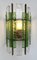 Hammered Glass and Gilt Wrought Iron Sconces from Longobard, Italy, 1970s, Set of 2, Image 3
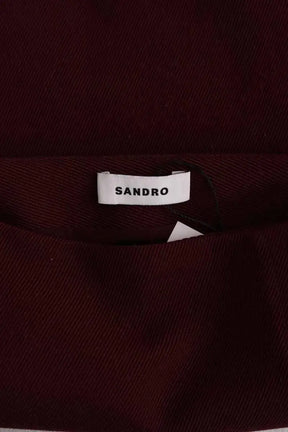 Mini jupe Sandro Bordeaux en Synthétique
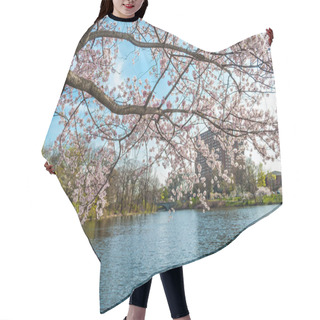 Personality  Cherry Blossom Branch  Hair Cutting Cape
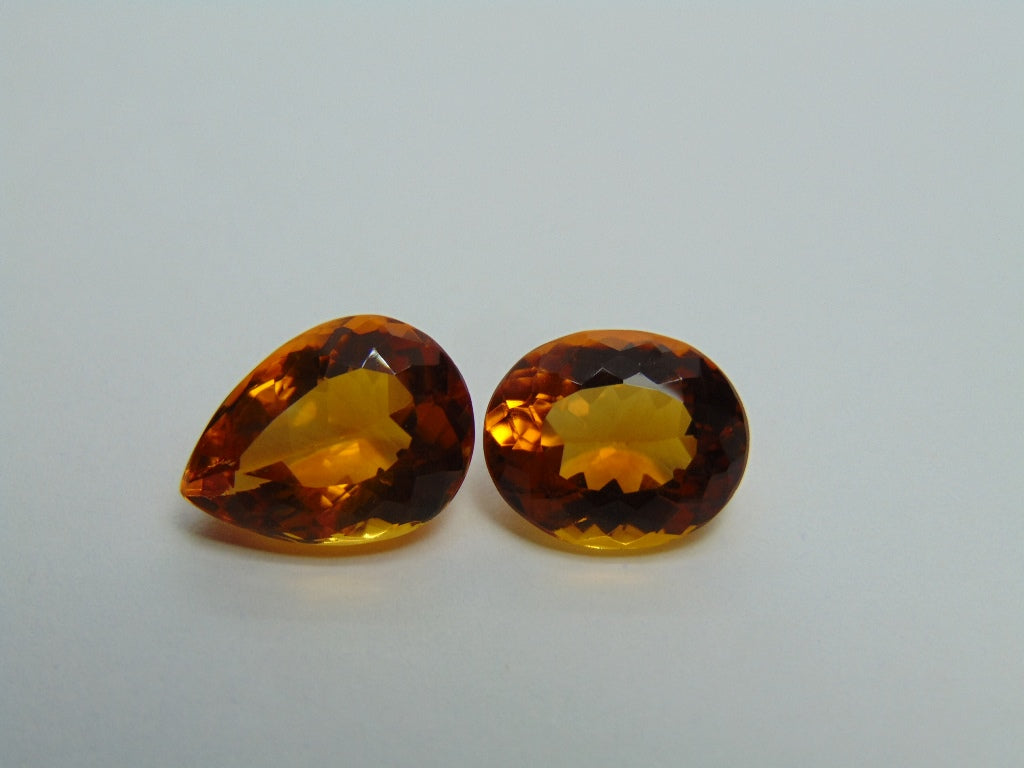 9,95 ct citrino 14x10mm 12x10mm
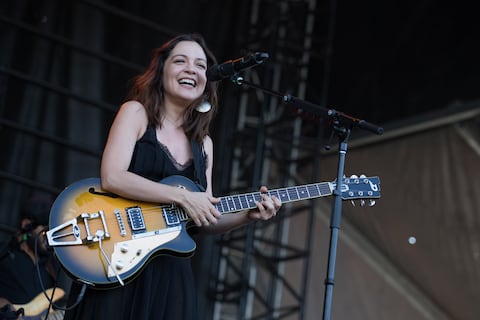 Natalia Lafourcade en concierto.
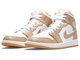 купить не дорого мужские кроссовки Nike Air Jordan 1 Mid 'Tan Gum' 554724-271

## Exercise aim
The listing above must be retyped word for word, without the pictures.

## Solution below
 Hammered Glass and Gilt Wrought Iron Sconces from Longobard, Italy, 1970s, Set of 2, Image 3
 Mini jupe Sandro Bordeaux en Synthétique
 Personality  Cherry Blossom Branch  Hair Cutting Cape
 9,95 ct citrino 14x10mm 12x10mm
 Natalia Lafourcade en concierto.
 купить не дорого мужские кроссовки Nike Air Jordan 1 Mid 'Tan Gum' 554724-271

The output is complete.